Furthermore, if the proposed treatment of DiFrancesco (i.e., the extinguishment of its contingent equity interest) is not outright discrimination, then it appears to violate the absolute priority rule, which provides that junior classes may take nothing under a plan or reorganization until all senior classes have been paid in full. There is no class junior to that of the equity holders of a corporate debtor. Accordingly, the only way that the existing stockholders of West Chestnut can retain their interests is if DiFrances-co is unimpaired under the proposed plan of reorganization, or if West Chestnut qualifies the plan under the “new value” exception to the absolute priority rule. In this Court’s view, the extinguishment of DiFrancesco’s contingent equity interest clearly impairs DiFrancesco. Conversely, the only thing in the nature of new value which as been proposed by the existing stockholders under the Third Amended Plan of Reorganization is their guaranty of West Chestnut’s refinance obligations. Numerous courts have questioned whether a guaranty alone can constitute “new value” sufficient to satisfy the requirements of the new value exception. Kham & Nate’s Shoes No. 2 v. First Bank of Whiting, 908 F.2d 1351, 1362 (7th Cir.1990) With those holdings this Court agrees.

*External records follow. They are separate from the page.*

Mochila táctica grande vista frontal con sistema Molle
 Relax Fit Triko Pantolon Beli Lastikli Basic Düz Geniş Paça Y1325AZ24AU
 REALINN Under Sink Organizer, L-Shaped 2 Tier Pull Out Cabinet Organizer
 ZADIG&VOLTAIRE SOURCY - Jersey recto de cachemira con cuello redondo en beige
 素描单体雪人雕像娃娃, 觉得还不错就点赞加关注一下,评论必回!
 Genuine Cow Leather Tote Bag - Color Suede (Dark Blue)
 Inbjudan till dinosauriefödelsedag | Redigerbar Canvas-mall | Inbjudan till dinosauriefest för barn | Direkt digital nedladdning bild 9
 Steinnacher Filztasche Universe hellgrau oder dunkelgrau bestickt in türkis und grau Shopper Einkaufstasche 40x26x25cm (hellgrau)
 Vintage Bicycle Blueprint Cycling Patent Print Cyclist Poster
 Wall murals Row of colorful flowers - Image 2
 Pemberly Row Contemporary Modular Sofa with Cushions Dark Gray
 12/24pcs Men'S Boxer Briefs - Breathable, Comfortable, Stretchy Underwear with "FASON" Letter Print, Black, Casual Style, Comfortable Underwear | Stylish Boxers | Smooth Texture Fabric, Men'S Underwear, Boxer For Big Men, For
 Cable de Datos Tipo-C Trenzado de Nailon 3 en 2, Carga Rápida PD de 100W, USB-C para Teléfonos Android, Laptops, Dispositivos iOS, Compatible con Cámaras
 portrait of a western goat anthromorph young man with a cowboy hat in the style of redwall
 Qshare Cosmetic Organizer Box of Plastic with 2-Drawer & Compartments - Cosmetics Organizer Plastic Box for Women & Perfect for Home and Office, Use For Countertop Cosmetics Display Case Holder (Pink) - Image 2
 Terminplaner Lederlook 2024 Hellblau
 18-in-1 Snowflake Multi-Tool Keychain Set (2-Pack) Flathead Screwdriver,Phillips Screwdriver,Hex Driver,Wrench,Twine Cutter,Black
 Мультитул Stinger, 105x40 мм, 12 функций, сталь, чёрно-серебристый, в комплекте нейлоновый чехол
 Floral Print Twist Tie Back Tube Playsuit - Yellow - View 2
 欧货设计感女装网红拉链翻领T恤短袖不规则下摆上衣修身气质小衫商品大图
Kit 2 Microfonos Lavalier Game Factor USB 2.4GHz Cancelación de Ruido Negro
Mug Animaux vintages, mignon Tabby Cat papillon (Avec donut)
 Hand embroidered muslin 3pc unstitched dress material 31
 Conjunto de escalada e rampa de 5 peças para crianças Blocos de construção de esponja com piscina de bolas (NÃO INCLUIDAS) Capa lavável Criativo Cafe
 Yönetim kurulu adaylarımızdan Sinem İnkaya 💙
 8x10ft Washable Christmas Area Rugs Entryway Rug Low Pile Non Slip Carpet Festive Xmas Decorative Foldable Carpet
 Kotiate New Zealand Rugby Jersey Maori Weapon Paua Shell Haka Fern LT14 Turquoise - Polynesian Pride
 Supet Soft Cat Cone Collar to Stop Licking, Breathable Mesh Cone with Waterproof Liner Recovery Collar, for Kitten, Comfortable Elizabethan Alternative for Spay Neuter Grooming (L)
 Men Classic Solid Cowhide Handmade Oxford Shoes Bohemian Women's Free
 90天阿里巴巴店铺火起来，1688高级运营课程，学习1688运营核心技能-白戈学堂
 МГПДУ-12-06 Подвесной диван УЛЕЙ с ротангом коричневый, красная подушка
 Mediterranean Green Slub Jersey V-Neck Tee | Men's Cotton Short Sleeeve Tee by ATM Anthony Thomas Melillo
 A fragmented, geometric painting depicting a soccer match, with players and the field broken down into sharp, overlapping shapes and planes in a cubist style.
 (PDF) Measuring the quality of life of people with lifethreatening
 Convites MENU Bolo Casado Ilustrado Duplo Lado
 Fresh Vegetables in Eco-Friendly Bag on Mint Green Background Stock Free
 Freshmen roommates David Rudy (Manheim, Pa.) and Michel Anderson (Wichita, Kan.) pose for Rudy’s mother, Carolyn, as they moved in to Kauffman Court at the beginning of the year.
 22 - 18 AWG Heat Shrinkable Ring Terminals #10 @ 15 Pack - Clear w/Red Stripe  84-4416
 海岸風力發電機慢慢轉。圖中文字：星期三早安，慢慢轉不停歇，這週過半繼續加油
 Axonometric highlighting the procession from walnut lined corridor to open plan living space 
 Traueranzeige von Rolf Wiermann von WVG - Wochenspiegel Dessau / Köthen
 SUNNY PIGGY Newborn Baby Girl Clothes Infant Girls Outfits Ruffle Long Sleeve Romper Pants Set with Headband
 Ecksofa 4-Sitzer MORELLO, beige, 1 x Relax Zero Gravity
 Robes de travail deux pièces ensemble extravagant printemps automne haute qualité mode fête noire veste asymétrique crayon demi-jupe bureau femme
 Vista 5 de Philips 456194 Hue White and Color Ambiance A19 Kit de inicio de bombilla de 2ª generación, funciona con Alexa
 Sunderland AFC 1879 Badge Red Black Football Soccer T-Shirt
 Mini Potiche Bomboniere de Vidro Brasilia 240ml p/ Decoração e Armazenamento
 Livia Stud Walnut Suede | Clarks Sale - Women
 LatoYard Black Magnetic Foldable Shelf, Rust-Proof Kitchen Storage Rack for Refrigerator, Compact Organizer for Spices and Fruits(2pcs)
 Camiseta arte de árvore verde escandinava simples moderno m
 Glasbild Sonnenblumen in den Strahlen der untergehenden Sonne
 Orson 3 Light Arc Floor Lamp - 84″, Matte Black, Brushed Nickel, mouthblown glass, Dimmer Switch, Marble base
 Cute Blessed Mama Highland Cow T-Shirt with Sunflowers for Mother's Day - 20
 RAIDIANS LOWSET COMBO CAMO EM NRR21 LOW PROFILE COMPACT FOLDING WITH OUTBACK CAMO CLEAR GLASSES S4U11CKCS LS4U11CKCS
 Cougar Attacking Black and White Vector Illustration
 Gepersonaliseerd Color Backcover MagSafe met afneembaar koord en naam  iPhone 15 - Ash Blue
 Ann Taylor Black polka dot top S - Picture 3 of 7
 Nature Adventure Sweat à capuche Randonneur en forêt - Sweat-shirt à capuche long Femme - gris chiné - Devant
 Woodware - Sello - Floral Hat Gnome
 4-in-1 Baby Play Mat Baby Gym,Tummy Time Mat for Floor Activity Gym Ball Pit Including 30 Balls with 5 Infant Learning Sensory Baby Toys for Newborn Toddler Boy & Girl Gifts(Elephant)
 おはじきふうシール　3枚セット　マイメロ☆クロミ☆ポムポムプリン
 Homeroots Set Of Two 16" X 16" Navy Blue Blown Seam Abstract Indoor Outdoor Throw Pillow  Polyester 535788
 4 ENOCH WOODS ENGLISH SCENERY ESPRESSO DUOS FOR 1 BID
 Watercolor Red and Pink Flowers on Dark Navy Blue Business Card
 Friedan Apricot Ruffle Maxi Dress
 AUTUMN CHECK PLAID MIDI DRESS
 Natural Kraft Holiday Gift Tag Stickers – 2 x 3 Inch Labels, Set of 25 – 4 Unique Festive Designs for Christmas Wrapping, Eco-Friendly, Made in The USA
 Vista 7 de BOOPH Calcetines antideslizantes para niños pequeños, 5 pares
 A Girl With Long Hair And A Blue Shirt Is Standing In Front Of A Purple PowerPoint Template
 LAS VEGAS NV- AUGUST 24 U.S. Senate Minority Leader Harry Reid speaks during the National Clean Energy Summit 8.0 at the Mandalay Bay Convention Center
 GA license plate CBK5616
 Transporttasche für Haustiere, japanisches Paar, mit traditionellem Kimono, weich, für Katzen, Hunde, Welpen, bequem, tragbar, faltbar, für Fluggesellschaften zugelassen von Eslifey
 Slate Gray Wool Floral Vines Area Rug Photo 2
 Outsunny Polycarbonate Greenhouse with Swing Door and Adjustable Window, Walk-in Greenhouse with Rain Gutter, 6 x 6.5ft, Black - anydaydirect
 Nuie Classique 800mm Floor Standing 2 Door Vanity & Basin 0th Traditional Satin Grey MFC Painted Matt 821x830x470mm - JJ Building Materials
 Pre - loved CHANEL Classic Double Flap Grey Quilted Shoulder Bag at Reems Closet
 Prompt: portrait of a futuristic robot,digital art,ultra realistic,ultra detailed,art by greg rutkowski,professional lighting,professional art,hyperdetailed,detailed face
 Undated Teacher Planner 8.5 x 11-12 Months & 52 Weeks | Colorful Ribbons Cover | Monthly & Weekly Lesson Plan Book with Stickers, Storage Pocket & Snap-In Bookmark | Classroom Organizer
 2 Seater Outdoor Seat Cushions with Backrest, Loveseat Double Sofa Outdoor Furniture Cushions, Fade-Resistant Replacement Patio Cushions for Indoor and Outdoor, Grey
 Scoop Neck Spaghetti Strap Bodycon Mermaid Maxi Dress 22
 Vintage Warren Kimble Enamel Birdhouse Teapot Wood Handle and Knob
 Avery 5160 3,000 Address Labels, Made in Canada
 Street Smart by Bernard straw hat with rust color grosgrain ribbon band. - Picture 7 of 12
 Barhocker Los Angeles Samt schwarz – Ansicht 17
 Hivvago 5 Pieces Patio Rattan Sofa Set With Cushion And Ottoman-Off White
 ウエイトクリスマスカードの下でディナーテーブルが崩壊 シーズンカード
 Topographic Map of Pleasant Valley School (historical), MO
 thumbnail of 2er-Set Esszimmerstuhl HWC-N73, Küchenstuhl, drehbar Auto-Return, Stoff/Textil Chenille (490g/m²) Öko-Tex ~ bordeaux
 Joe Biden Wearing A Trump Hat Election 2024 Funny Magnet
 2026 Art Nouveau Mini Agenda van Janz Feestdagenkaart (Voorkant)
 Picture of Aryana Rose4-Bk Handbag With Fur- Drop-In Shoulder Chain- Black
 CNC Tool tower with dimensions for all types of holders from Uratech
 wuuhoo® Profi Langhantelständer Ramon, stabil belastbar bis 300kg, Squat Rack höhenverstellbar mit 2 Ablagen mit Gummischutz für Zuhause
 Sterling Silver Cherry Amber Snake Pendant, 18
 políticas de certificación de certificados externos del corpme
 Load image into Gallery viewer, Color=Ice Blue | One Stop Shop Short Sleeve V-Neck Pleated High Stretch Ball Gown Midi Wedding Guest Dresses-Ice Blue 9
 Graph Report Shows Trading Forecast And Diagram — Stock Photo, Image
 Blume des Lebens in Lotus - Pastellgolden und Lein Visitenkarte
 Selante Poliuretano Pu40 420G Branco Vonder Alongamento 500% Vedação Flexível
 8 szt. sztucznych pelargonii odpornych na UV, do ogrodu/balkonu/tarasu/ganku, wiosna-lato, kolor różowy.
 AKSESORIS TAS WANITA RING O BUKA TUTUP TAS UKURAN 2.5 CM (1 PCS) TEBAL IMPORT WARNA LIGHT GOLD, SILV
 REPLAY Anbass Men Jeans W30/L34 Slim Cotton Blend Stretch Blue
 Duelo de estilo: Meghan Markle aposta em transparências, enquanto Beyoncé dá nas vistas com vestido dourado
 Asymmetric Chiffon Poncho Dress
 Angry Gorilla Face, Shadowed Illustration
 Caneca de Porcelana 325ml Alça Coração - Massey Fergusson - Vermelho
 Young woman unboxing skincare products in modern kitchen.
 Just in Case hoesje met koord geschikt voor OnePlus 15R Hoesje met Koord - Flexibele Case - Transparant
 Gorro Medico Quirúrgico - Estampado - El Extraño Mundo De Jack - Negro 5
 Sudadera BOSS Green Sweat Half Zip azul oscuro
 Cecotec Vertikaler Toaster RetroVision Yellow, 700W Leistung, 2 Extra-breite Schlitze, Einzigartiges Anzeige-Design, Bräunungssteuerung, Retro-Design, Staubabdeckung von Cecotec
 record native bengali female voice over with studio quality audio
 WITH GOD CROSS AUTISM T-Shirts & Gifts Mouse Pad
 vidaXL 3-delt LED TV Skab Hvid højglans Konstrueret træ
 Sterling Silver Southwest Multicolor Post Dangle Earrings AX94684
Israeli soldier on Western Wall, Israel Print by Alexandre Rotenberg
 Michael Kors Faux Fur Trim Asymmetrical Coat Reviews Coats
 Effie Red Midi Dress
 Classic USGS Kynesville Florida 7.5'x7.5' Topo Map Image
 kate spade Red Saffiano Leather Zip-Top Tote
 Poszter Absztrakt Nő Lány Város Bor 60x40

When a court cannot arrive at a legal measure of damages with a sufficient degree of certainty, no adequate remedy at law exists. Kroblin Refrigerated Xpress, Inc. v. Pitterich, 805 F.2d 96 (3d Cir.1986). That situation exits here. Specific performance may be granted by a court of equity in its discretion if there is no adequate remedy at law. Id. at 103. This is a Bankruptcy case, however, and not an action upon the Stock Option Agreement in State Court. It is clearly not this Court’s role to specifically direct that the Debtor propose a plan of reorganization which preserves DiFrances-co’s rights under the Stock Option Agreement and it will certainly not do so. However, the upshot of the foregoing analysis returns the Court to its earlier observation concerning a Pyrrhic victory for West Chestnut. Under the circumstances, the Court will disallow DiFrancesco’s unsecured claim for monetary damages occasioned by rejection of the Stock Option Agreement. By the same token, however, the Court must indicate here that it perceives no future for a proposed Plan of Reorganization which contemplates the automatic extinguishment of DiFrancesco’s option rights without more. On the contrary, if agreeable termination damages cannot be arrived at, the Court is convinced that the proper result under the Bankruptcy Code will be for DiFrancesco’s rights under the Stock Option Agreement to simply pass through this Chapter 11 case unaffected, in the manner described in In re Walnut Associates, supra. The foregoing does not bode well for the Plan of Reorganization West Chestnut now has before the Court, however, the ultimate outcome of this observation, at this juncture, must remain to be seen. 
      
      . In light of West Chestnut's Objections to DiFrancesco's claim, and since West Chestnut's proposed Plan of Reorganization makes no specific provision for DiFrancesco’s claim relative to the Stock Option Agreement, the Court assumes that West Chestnut intends that DiFrancesco's rights under the Stock Option Agreement will simply be extinguished upon confirmation of its Plan of Reorganization.